Monthly Lecture Series


Monthly Lecture Series via Zoom - Second Wednesday of the month

7:00 PM EST

This exciting new series is being offered to all members of MLH as a FREE benefit of membership.  


This series does require that you must be a member of MLH ( and register in advance for the topic you find of interest. This series will offer you 11 FREE lectures/speakers throughout 2022 on the second Wednesday of each month at 7pm. The Zoom lectures will be recorded  LIVE and made available through a limited, password protected access for registered MLH members up to 2 weeks after, unless otherwise noted. 

January 12 at 7pm  "Oscar Beriau and the Québecois Weaving Renaissance 1930 - 1950" with Mary Underwood 

How does a chemist manage to become one of the most influential people in the world of handweaving in the early to mid-1900’s?  Oscar Beriau, a chemist by training, would create a school for domestic arts in Quebec in 1930.

Please note:  This lecture will not be recorded!


February 9 at 7pm “The Fascinating Life of Mary Meigs Atwater”  with Karen Donde
Widely regarded as the unofficial dean of American handweaving, Mary Meigs Atwater, 1878-1956, did not start weaving until she was forty. Even then, she was not driven by a passion for making cloth. Her interests were more pragmatic.


March 9 at 7pm   Weaving Experiences in Guatemala”  with Gisela Bosch
Over the past 15 years I have been lucky enough to go to Guatemala seven times and experience the rich weaving culture there. I will share that experience through my many photos.


April 13 at 7pm   “Basketry” with Judy Dominic 
Judy will discuss her love of basketry and its influence on most of her fiber work over the past forty years.


May 11 at 7pm  “Weaving by Design” with Kelly Marshall

Kelly Marshall will give a broad spectrum talk on design, rep weave, and the development of a weaving business.


We will take a break for June as we focus on the Summer Workshops at Hope College.


July 13 at 7pm     “Woven Worlds: Structure, Science & Metaphors”  with Rachel Hefferan

Rachel will walk us through her journey as a weaver over the past five years. She will describe the ways in which microbiology, brewing beer, changing landscapes, and health, led her to

making the work she is now.


CANCELED: August 10 at 7pm    “History of Weaving in Hartland, MI”   with Nadine Cloutier

She will discuss the rich history of Cromaine Crafts during the 1930-40s, the looms built here, the birthplace of both the first National Weaving Institute Conference in 1938 and the Michigan League of Handweavers at Waldenwoods in 1959, and the philanthropist who made it happen. (Will be rescheduled next year.)

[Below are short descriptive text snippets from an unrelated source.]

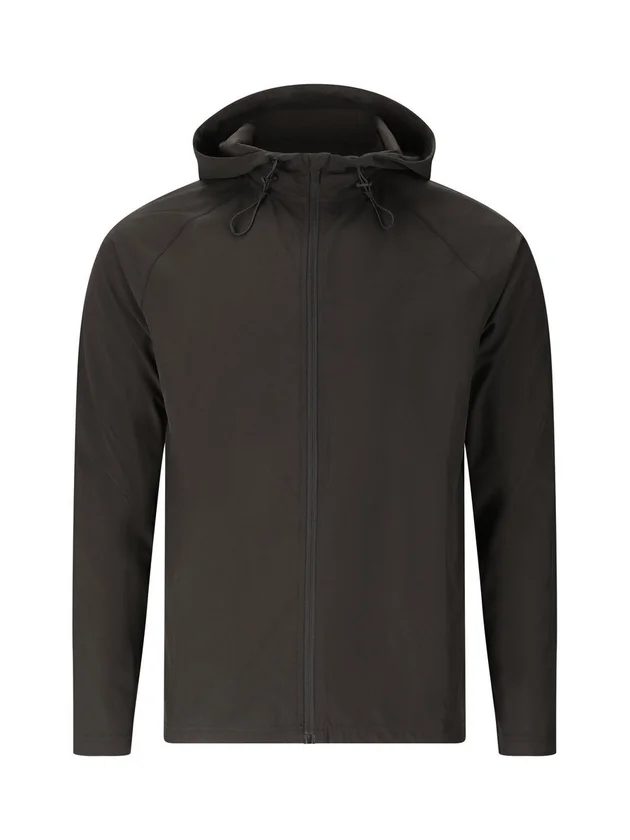 Corry Full Zip Jacket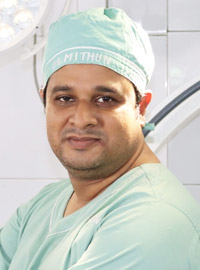 Dr. Prof. Hasnat Haque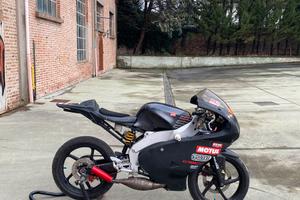 Aprilia rs
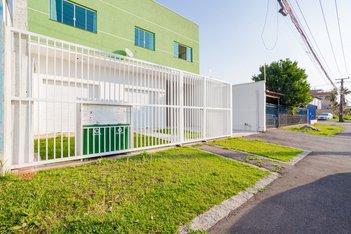 apartment em Rua Alagoas, Guaíra - Curitiba - PR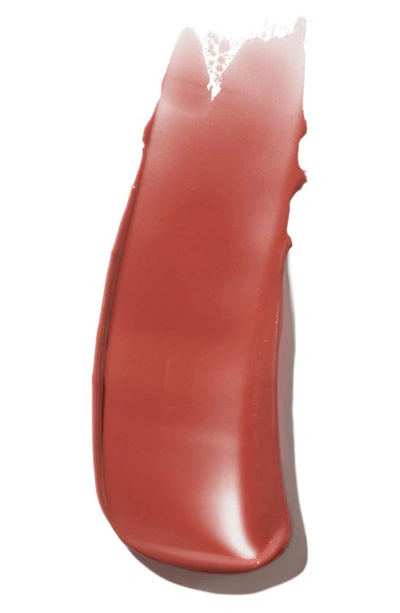 Shop Clinique Chubby Stick Moisturizing Lip Color Balm In Curviest Caramel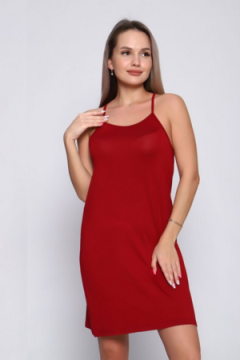 Сорочка с кружевом 924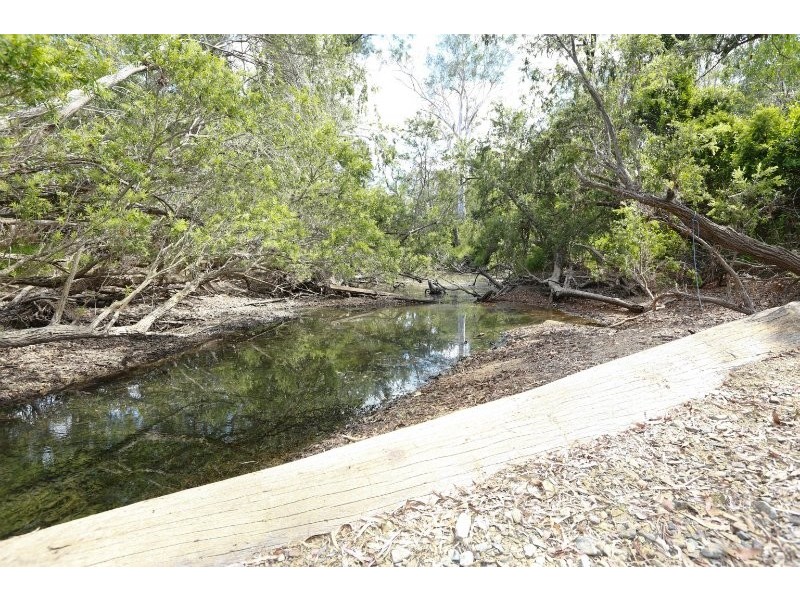 50 MANN ROAD, Calliope QLD 4680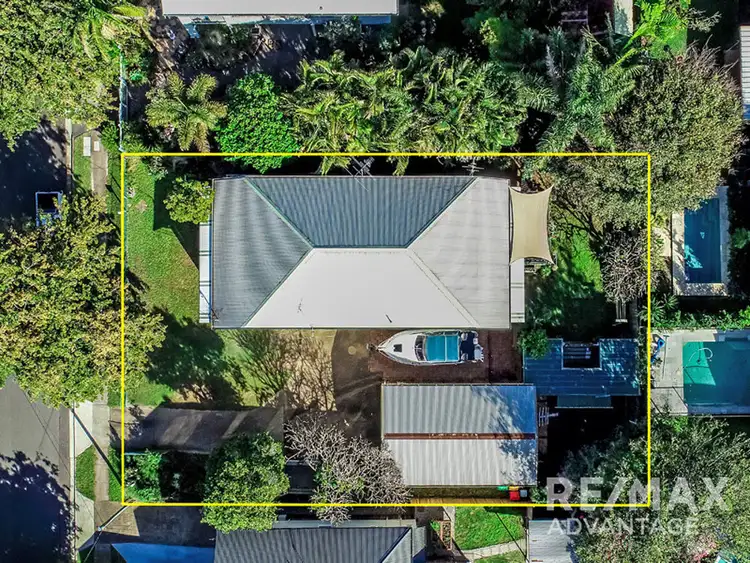 35 Carnation Street, Wynnum QLD 4178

September 14 at 7pm    “Cultivating a Plant Based Art Practice” with Kayla Powers    

Kayla is a weaver and natural dyer living and working in Detroit. Her work is focused on local, natural color from plants foraged around the city and her own dye garden. She is currently working on the completion of her MFA at Cranbrook.


October 12 at 7pm. “An Introduction to Scandinavian Coverlets & Sleigh Blankets” with Susan Conover     

Susan’s fascination with Scandinavian weaving is apparent in everything that is created on her looms. The Swedes traditionally weave a structure called Smalandsvav (a multi-harness weave) and the Norwegians call it Skillbragd.  She explored mounting these unique hand-woven pieces onto sheep skins to create warm and cozy bed coverings or sleigh blankets.


November 9 at 7pm  “Pin Loom Weaving; discovering one of the most popular unknown weaving techniques ever.”  with Margaret Stump 

This introductory presentation covers the background of pin loom weaving, an introduction to the pin loom weaving process, a demonstration of weaving a two inch pin loom square as well as lots of examples of what you can make using a pin loom.


December 14 at 7pm  “Throw in the Towel” with Gail Pilgrim Ross     

Kitchen Towels (aka Dish Towels, Tea Towels, Bar Towels, Glass Towels) are the workhorses of the weaving world.  By popular opinion they are the most often woven project and not only fulfill a practical functional role, but also make happily received gifts and highly successful sale items. But why weave towels when big box stores can sell them in great quantity at a fraction of the cost of materials, not to mention our time?